Researchers from the Max Planck Institute for Intelligent Systems and ETH Zurich have recently unveiled WANDR, a pioneering model capable of producing lifelike human motions for avatars. Presented in a paper scheduled for the Conference on Computer Vision and Pattern Recognition (CVPR 2024), this model integrates disparate data sources into a unified framework to achieve more authentic motions in 3D humanoid characters. The paper has also been shared on the arXiv preprint server.
Markos Diomataris, the lead author of the paper, explained the overarching goal of their research as striving to understand what it takes to create virtual humans capable of emulating human behavior. This entails learning to perceive and navigate the world, setting goals, and endeavoring to accomplish them. By adopting a philosophy akin to “building what you want to understand,” the researchers aim to gain deeper insights into human behavior.
The primary focus of the recent study was to devise a model capable of generating realistic motions for 3D avatars, enabling them to interact with their virtual environment effectively, such as reaching to grasp objects. For instance, the seemingly simple act of reaching for a coffee cup involves a combination of movements like arm extension, bending down, and walking, requiring continuous adjustments to maintain balance and achieve the desired goal.
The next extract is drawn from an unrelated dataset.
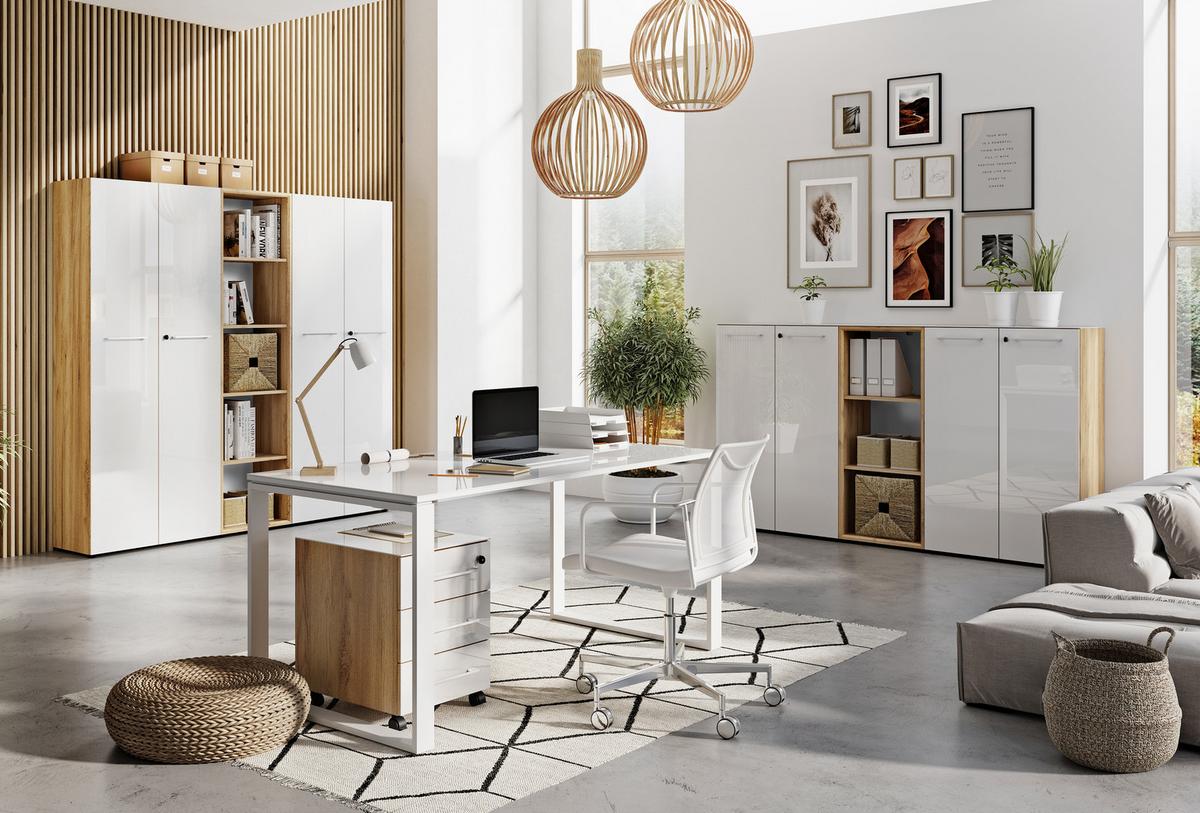 Aktenschrank Gw-Monteria Weiß/Eiche Dekor B: 80 cm - Eichefarben/Weiß, MODERN, Glas/Holzwerkstoff (80/120/37cm) - Germania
To impart these skills to virtual agents, the researchers explored two main approaches: reinforcement learning (RL) and dataset-driven training. While RL involves learning through trial and error, dataset-driven training leverages human motion demonstrations to train machine learning models. Given the scarcity of datasets containing goal-oriented reaching motions, the team developed a method capable of learning this skill from available data sources.
Their model, WANDR, represents a significant advancement as it learns adaptive avatar behaviors solely from data, without the need for additional reinforcement learning steps. By conditioning avatar actions on time and goal-dependent features, WANDR guides avatars in reaching specified goals using their wrists, akin to how humans adjust their actions to achieve objectives. This approach allows avatars to approach and reach moving or sequential goals, even without explicit training for such scenarios.
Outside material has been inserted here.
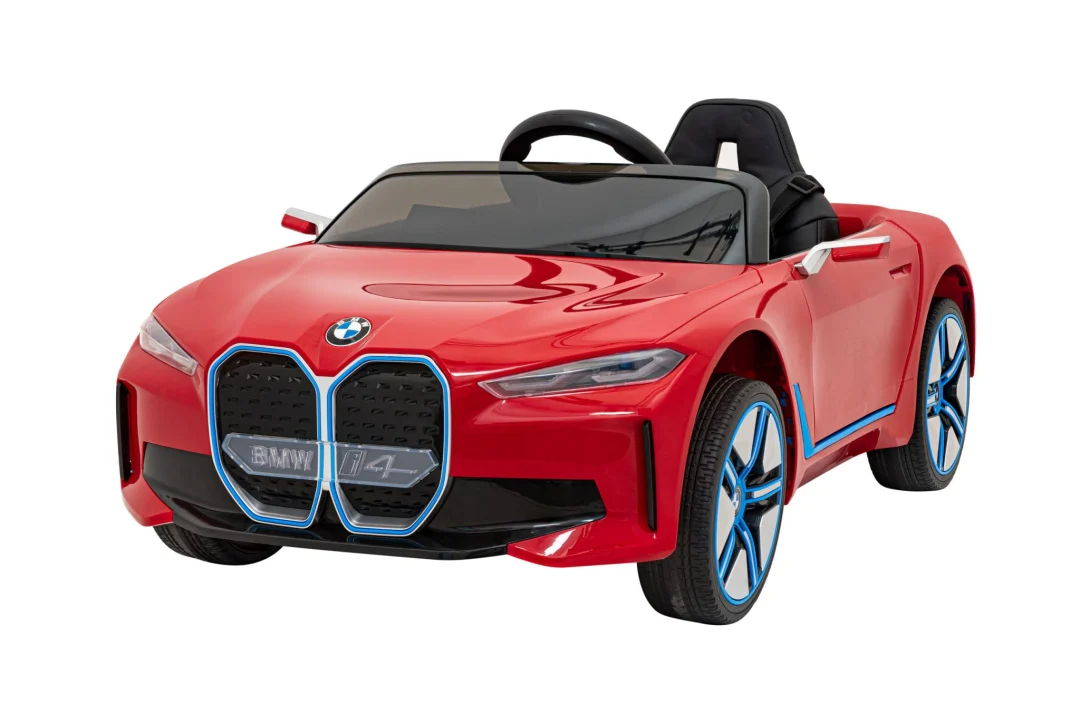 Bmw I4 Dječji Automobil Na Baterije, Crveni + Spori Start + Eva + Eko Koža + Audio Led, Crvena 1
While existing datasets are limited in their coverage of goal-oriented reaching motions, the proposed model combines data from various sources to produce more natural motions, enabling avatars to reach arbitrary goals in their environment. Moving forward, this model holds promise for enhancing the realism of virtual characters in applications like videogames, VR experiences, and animated films. As datasets of human motions continue to expand, WANDR’s performance is expected to further improve, paving the way for more immersive virtual experiences. In the future, research will focus on enabling avatars to learn from large, uncurated video datasets and explore their virtual environment autonomously, mirroring how humans acquire experience through action and observation.